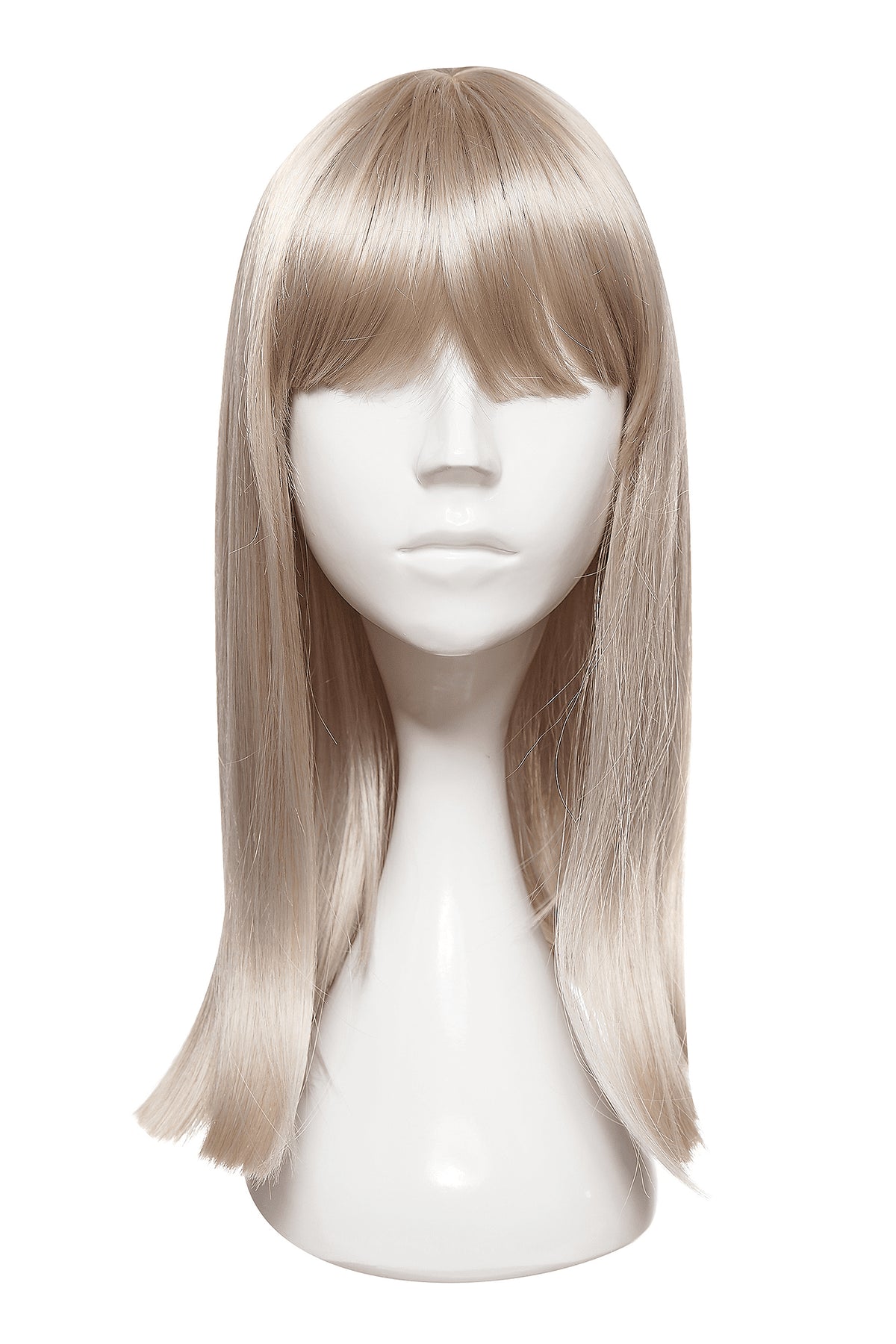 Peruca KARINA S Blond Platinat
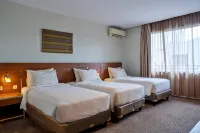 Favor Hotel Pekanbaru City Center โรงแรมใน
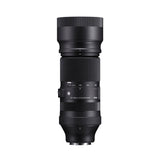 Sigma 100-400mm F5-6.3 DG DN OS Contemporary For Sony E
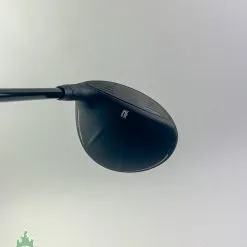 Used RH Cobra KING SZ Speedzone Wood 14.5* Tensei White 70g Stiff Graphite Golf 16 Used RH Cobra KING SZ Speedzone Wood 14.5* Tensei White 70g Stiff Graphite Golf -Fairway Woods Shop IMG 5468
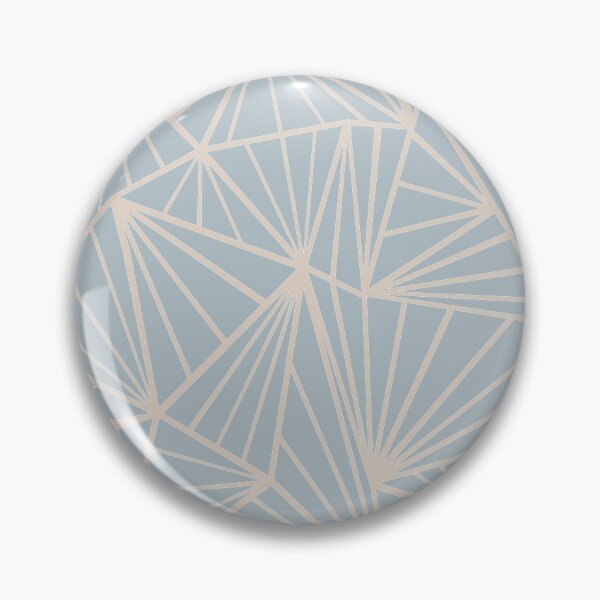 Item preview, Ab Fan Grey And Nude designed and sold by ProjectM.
· · ·
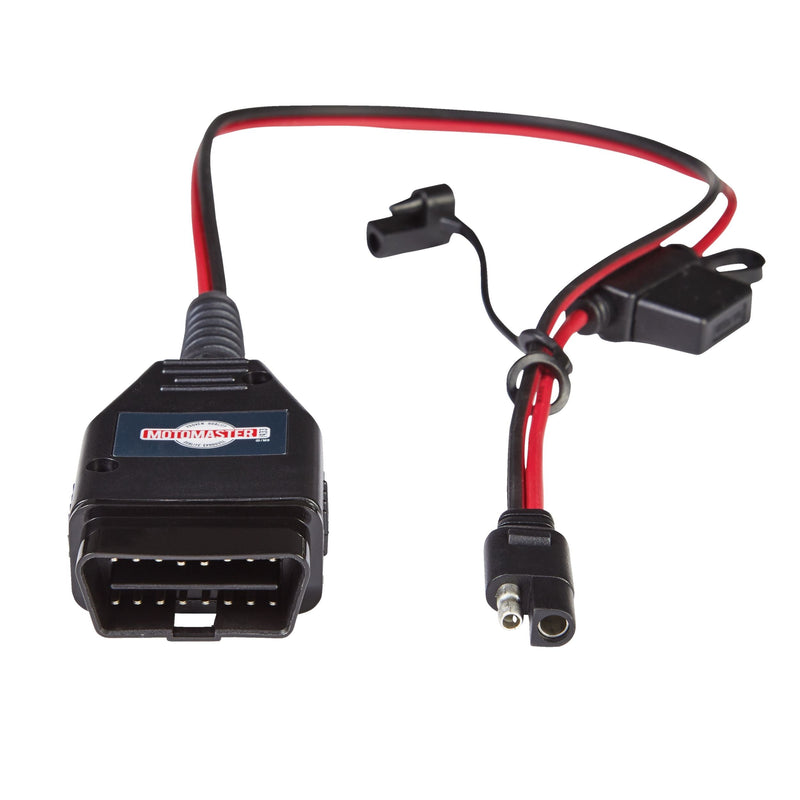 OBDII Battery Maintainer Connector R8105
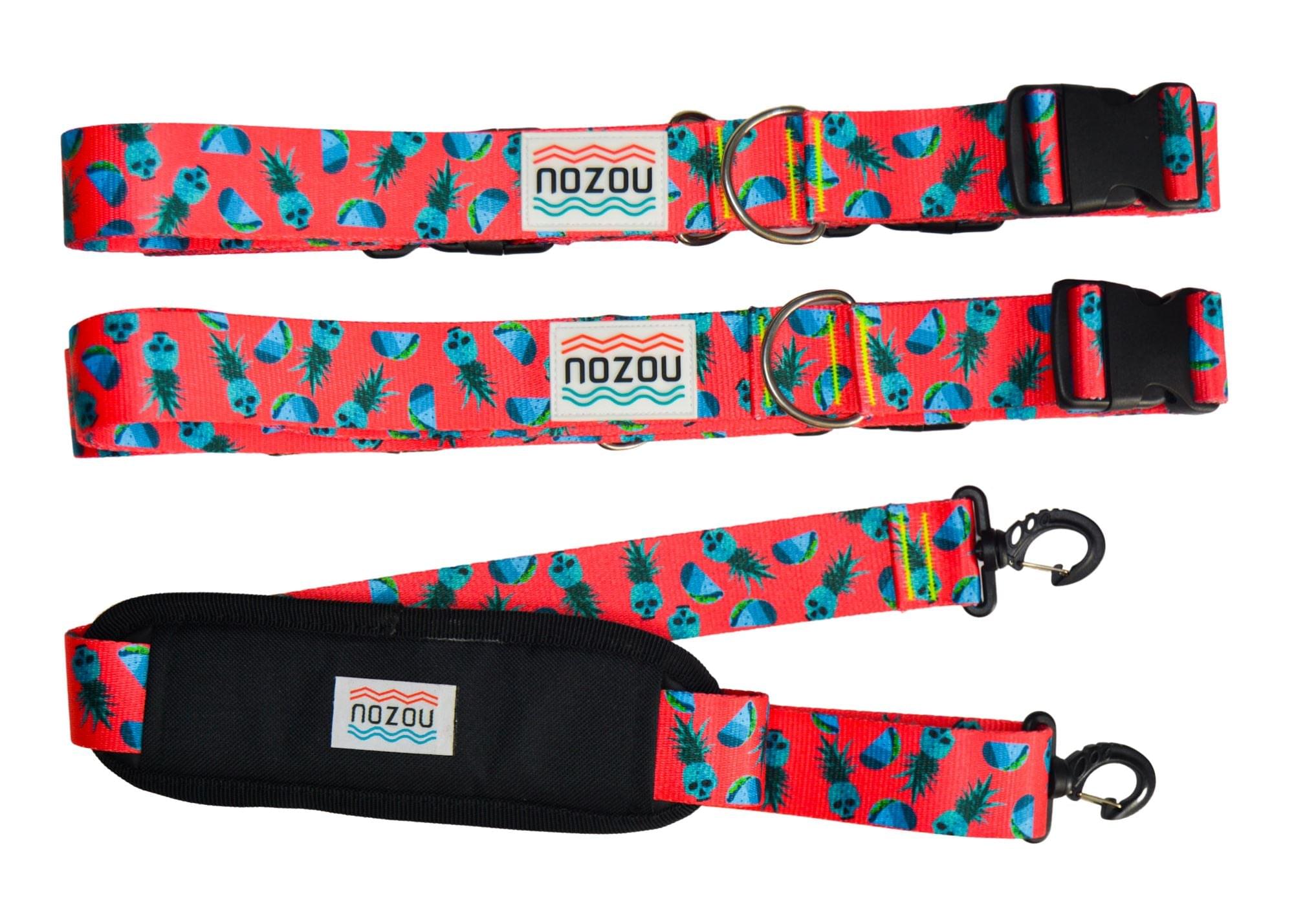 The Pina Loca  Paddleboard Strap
· · ·
[Exercise objective] Starting at the line above that contains "Sigma 100-400mm F5-6.3", transcribe every line exactly through the line that contains "Item preview, Ab", including that last one, and skip the pictures.

[Written answer]
 Sigma 100-400mm F5-6.3 DG DN OS Contemporary For Sony E
 Used RH Cobra KING SZ Speedzone Wood 14.5* Tensei White 70g Stiff Graphite Golf 16 Used RH Cobra KING SZ Speedzone Wood 14.5* Tensei White 70g Stiff Graphite Golf -Fairway Woods Shop IMG 5468
 Item preview, Ab Fan Grey And Nude designed and sold by ProjectM.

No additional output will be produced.